Exercise data>

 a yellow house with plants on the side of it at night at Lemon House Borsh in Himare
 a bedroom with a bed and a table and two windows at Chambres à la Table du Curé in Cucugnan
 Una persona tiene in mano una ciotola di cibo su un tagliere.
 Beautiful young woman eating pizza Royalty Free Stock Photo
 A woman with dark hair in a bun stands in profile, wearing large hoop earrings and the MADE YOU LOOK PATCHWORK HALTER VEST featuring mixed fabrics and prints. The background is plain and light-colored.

==

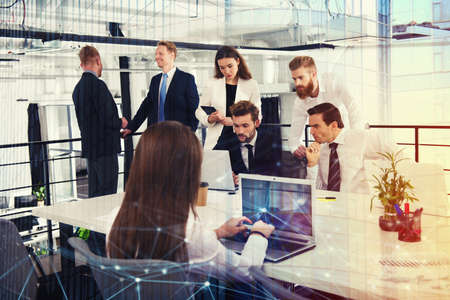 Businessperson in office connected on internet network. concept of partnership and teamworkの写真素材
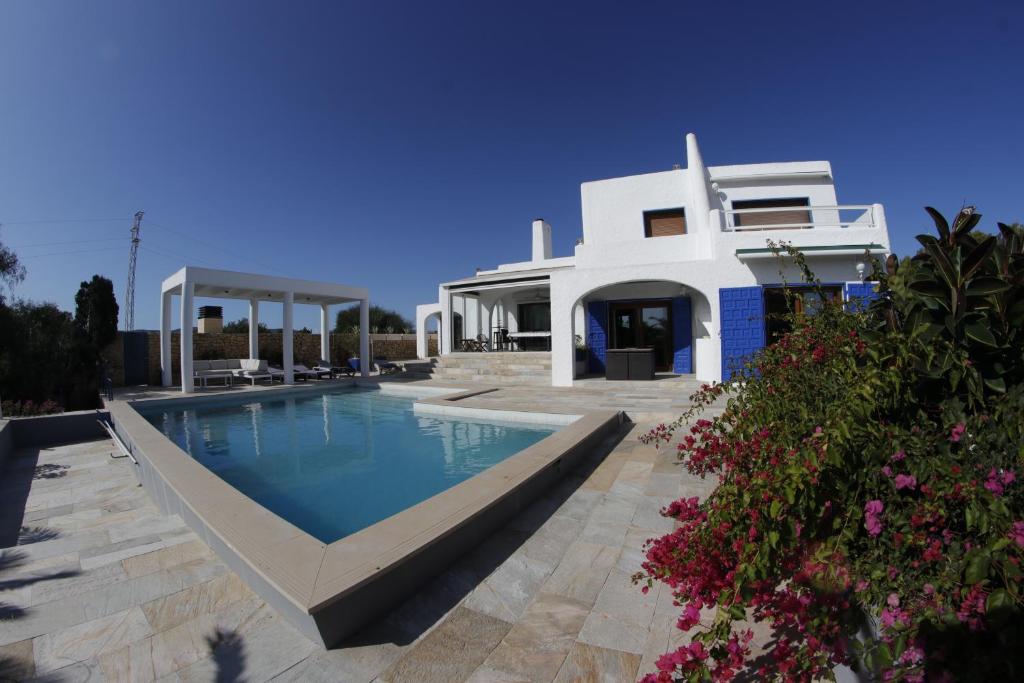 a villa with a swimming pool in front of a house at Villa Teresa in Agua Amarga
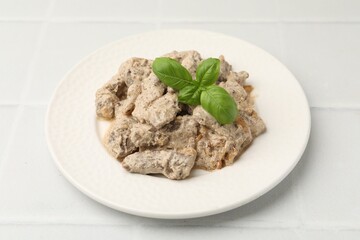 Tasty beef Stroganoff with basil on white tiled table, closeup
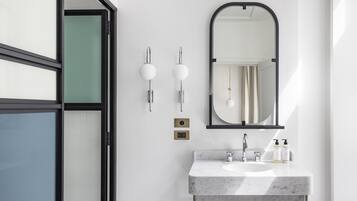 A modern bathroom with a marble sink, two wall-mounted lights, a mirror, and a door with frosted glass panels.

--

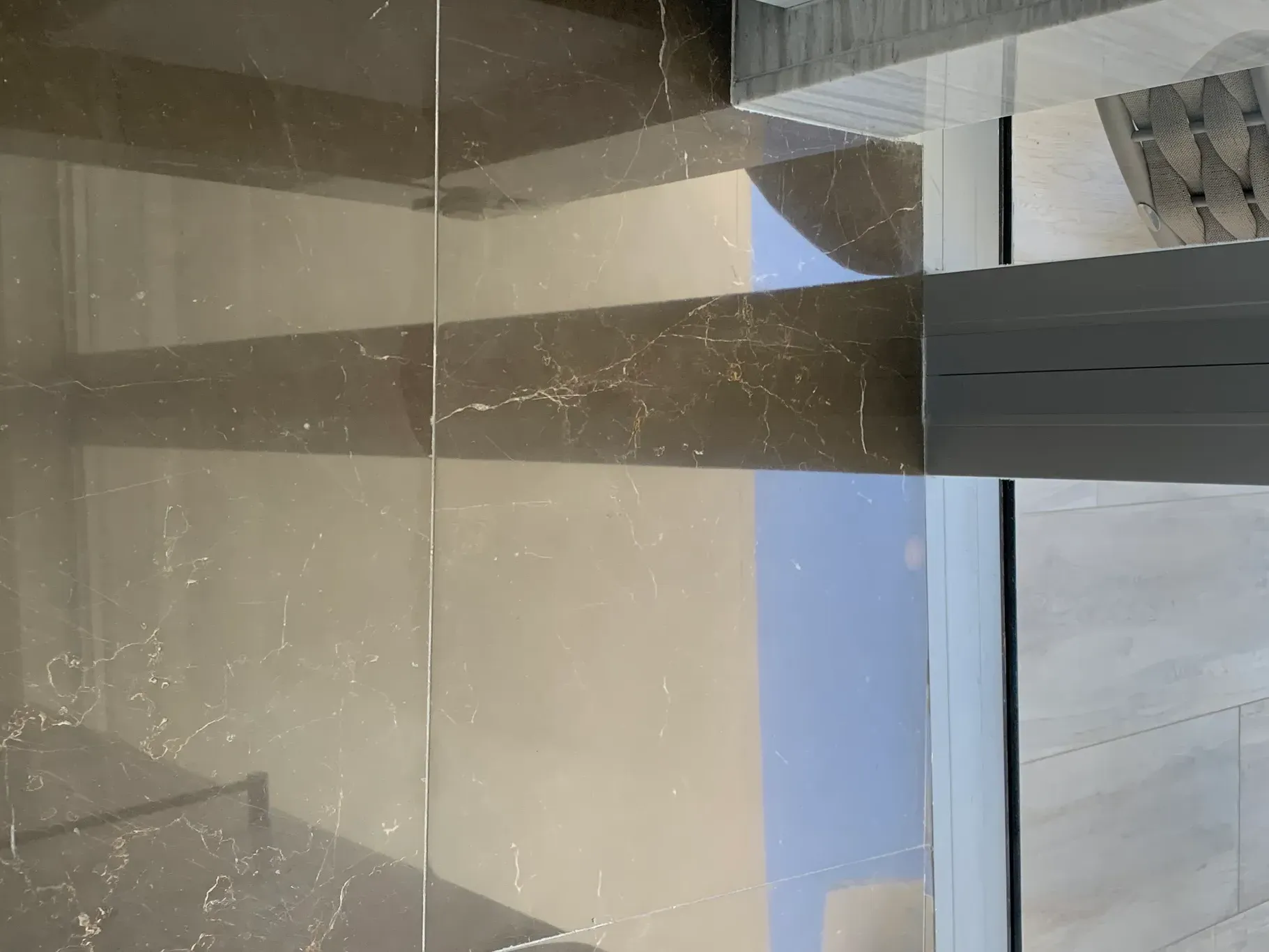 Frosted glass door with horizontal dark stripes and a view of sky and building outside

Your objective>
Return the span of lines in the data above that opens at the line with "a yellow house" and closes at the line with "A woman with", exactly, ends included, nothing else.

Answer for the task>
 a yellow house with plants on the side of it at night at Lemon House Borsh in Himare
 a bedroom with a bed and a table and two windows at Chambres à la Table du Curé in Cucugnan
 Una persona tiene in mano una ciotola di cibo su un tagliere.
 Beautiful young woman eating pizza Royalty Free Stock Photo
 A woman with dark hair in a bun stands in profile, wearing large hoop earrings and the MADE YOU LOOK PATCHWORK HALTER VEST featuring mixed fabrics and prints. The background is plain and light-colored.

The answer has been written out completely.